What the task requires:
Go to the line with "FOR MONEY RITUALS" in the entries below and write out every line from there through the line with "Haven-Sippy-Cup-Gets-Repurposed", exactly and without pictures.
(Beginning of Dataset records)
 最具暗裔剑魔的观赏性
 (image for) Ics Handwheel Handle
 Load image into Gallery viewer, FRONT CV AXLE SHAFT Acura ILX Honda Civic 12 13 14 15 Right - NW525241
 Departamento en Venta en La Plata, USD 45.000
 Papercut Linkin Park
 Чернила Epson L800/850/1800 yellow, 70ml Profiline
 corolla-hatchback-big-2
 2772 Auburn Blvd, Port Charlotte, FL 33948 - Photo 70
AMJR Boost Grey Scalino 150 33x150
(End of Dataset records)
(Beginning of Dataset records)
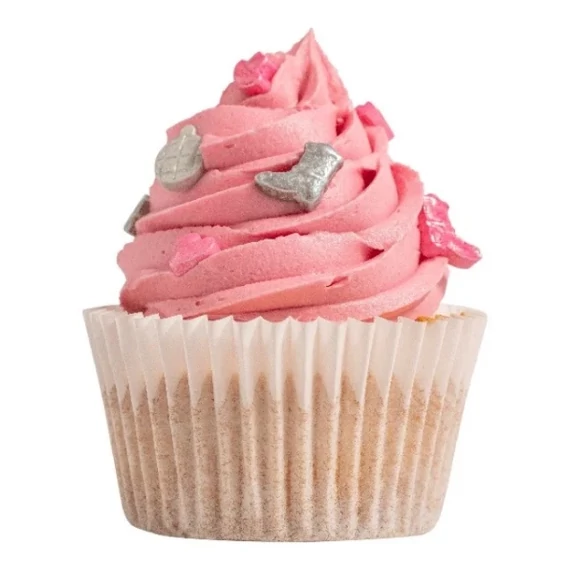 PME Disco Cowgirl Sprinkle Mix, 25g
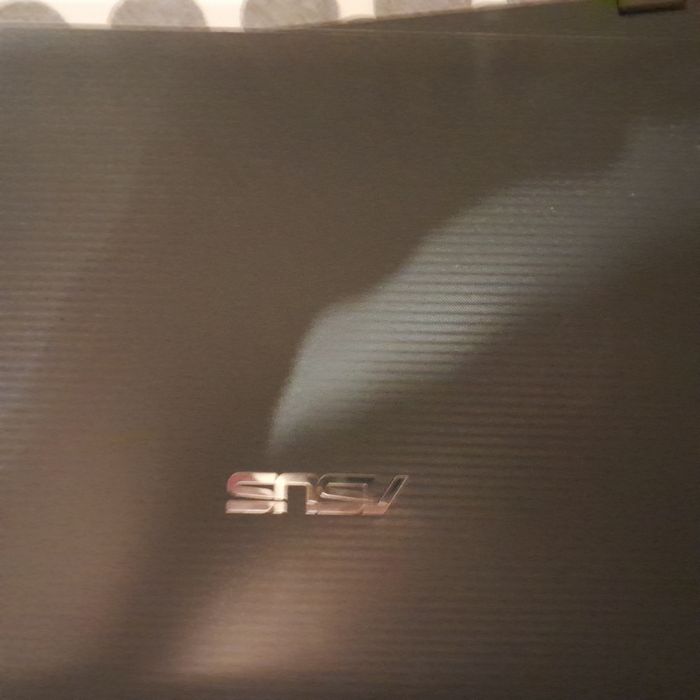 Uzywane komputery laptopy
(End of Dataset records)
(Beginning of Dataset records)
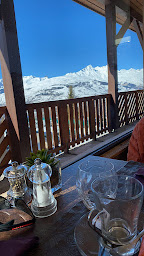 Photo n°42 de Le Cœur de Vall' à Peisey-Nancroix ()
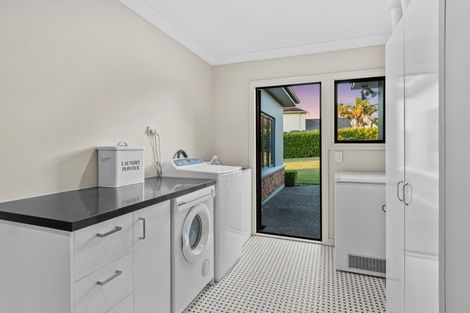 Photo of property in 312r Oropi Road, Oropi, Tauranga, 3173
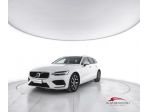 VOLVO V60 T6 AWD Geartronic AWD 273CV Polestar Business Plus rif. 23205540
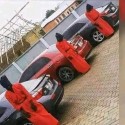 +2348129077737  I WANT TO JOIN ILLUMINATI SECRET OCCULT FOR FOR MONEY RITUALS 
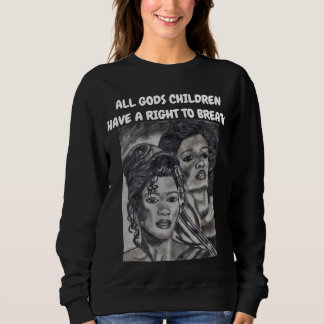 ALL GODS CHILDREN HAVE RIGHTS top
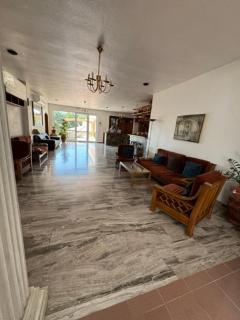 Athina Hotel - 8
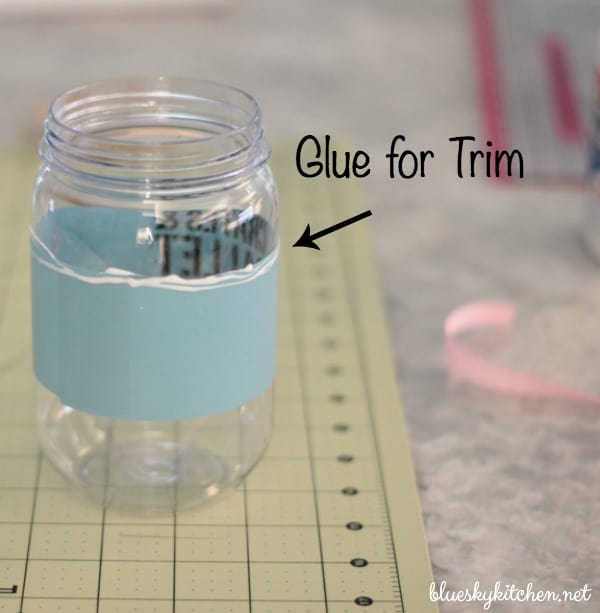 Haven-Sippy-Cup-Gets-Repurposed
(End of Dataset records)
Answer to the exercise:
 +2348129077737  I WANT TO JOIN ILLUMINATI SECRET OCCULT FOR FOR MONEY RITUALS 
 ALL GODS CHILDREN HAVE RIGHTS top
 Athina Hotel - 8
 Haven-Sippy-Cup-Gets-Repurposed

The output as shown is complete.